Director of the King’s Centre for Strategic Communications (KCSC), Editor-in-Chief, Defence Strategic Communications journal
Dr Neville Bolt is the Director of the King’s Centre for Strategic Communications (KCSC), a leading global centre of expertise in strategic communications. He is also Editor-in-Chief of Defence Strategic Communications, the peer reviewed academic journal of NATO Strategic Communications Centre of Excellence.
Dr Bolt is convenor of the Masters programme in Strategic Communications in the Department of War Studies, King’s College London. He has co-convened the Masters course ‘Evolution of Insurgency and Counterinsurgency’. And he teaches the International Relations course ‘Transnational Movements, Networks and Revolutionary Strategy’. He is supervisor to PhD students researching topics including empathy in international negotiations; trust in the revolutionary theatre; counter-conduct & democratic dissent; materiality of communication in urban space; metaphors of containment in the Cold War. He was the Teaching Excellence Award Winner 2017.
Much of his career was spent as a television journalist and producer-director at the BBC, ITV, and CBC (Canada). Working in news and current affairs, he specialised in the production of war zone documentaries covering conflicts in Africa, Latin America, the Middle East, and Indian subcontinent. Later he created strategic communications campaigns with the British Labour Party, Amnesty International, and the African National Congress (ANC)/Anti-Apartheid Movement.

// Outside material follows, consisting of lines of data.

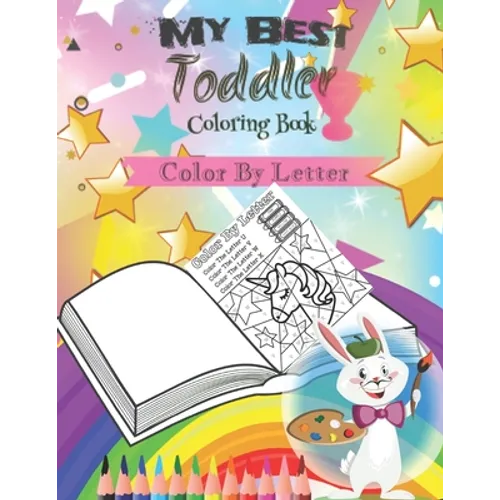 My Best Toddler Coloring Book -Color By Letter-: coloring book for kids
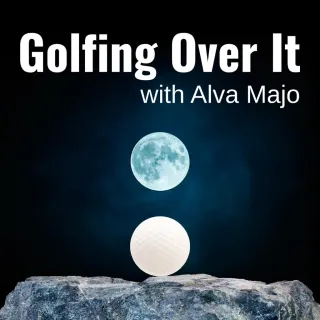 Golfing Over It with Alva Majo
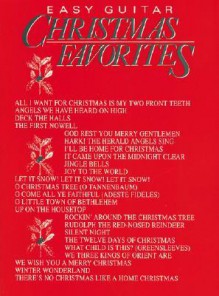 Christmas Favorites: Easy Guitar - Aaron Stang, Alfred A. Knopf Publishing Company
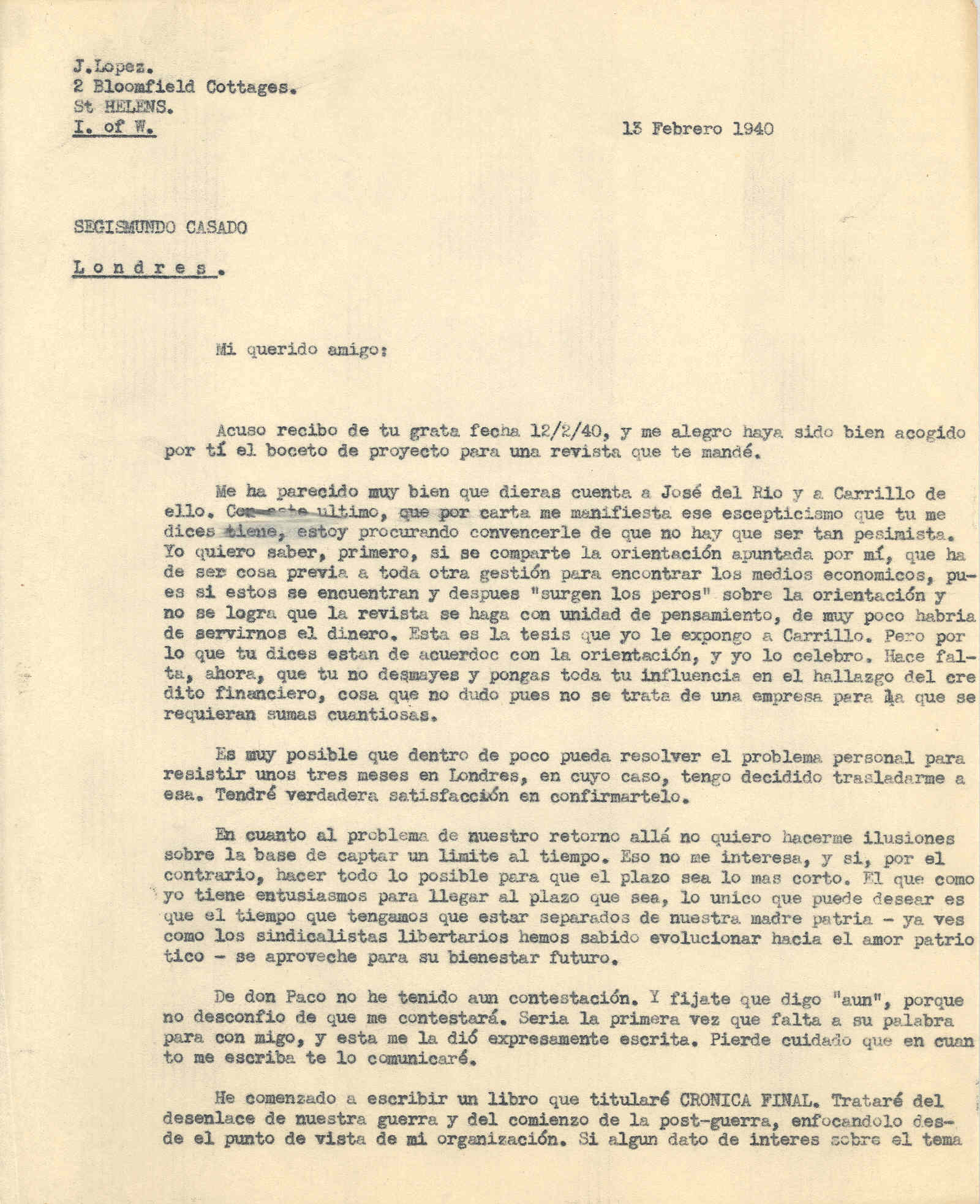 Carta a Segismundo Casado en la que habla sobre creación de una revista y la colaboración de Carrillo y José del Río; y de la dificultad de volver a España en un corto plazo.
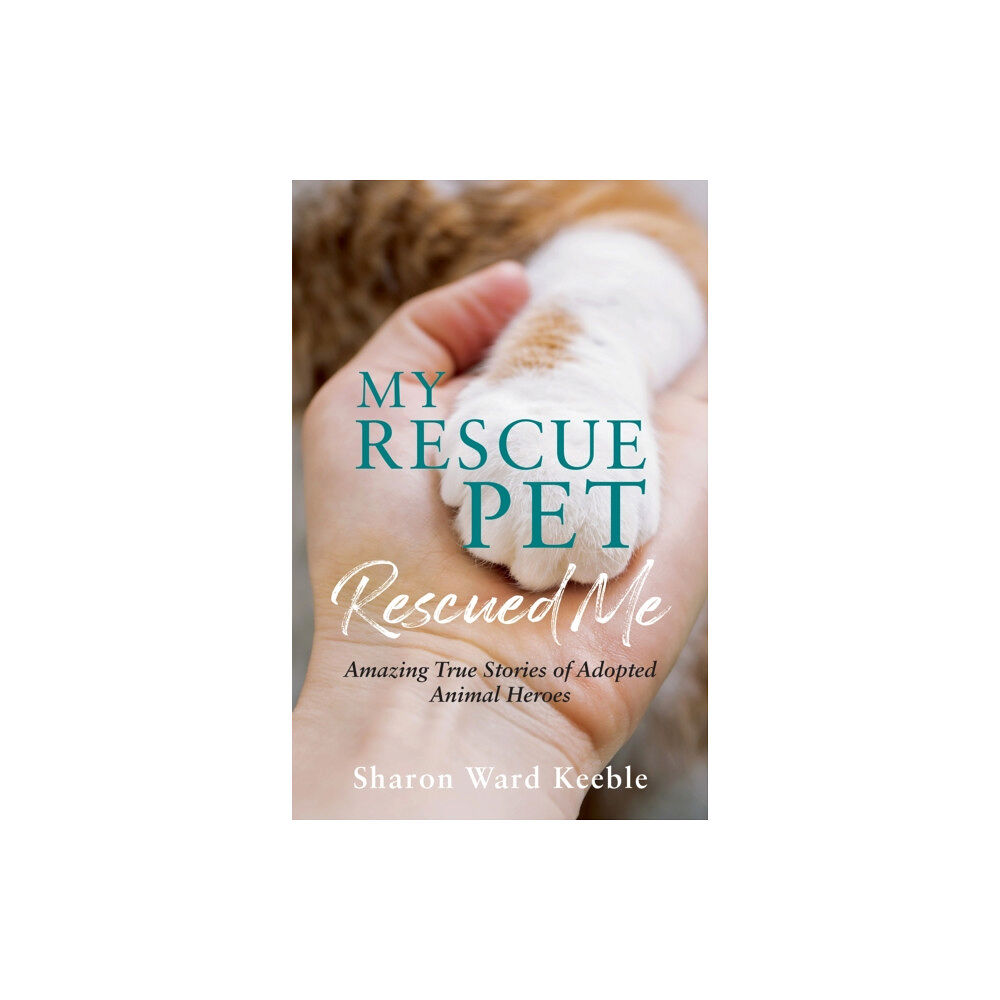 Octopus publishing group My Rescue Pet Rescued Me (häftad, eng)
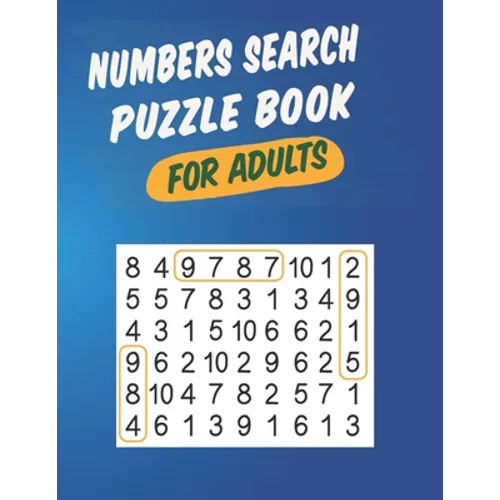 Numbers Search Puzzle Book For Adults: Large Print Word Search Books For Adults & Seniors - Paperback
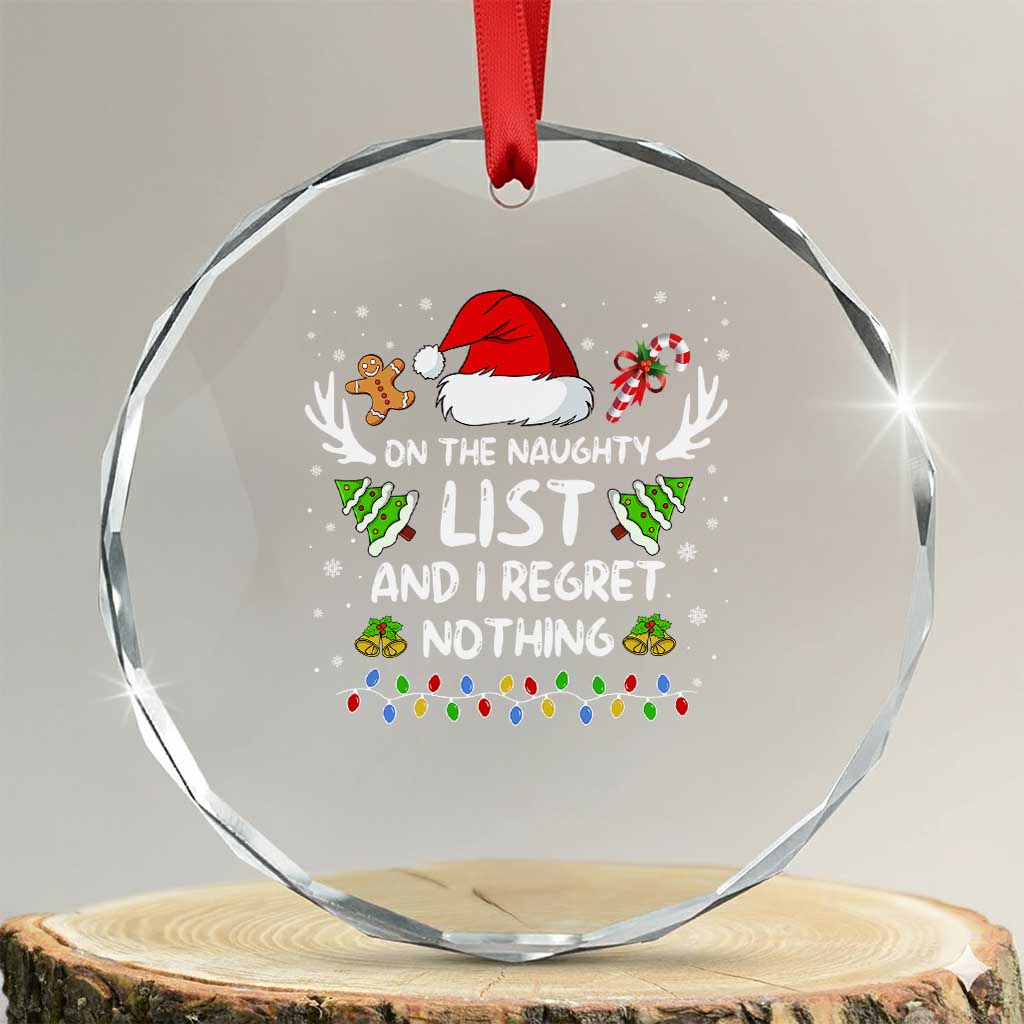 Funny Crystal Glass Ornament On The List Of Naughty And I Regret Nothing TS10 Transparent Glass 3'' Circle Print Your Wear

His book The Violent Image: Insurgent Propaganda and the New Revolutionaries (Columbia University Press) was published in 2012. It received the CHOICE ‘outstanding academic status award’ 2013. He is currently writing two books: The Future Came Too Soon – State and Insurgency in the Digital Age; and Disinformation & The Human Condition.
What can we gain from taking a look beyond our own borders and learning from the experience of others? This session widens the debate beyond the Euro-Atlantic region to understand how available and emerging technologies affect social processes across the globe. As societies worldwide struggle in the face of seismic shifts brought on by new technology, governments need to balance top-down intervention and civil liberties. Fresh vulnerabilities have opened up for exploitation by malign actors wishing to influence political decision-making and public debate. Sharing ideas and working together is a good way forward – can we combine existing strengths and avoid replicating mistakes?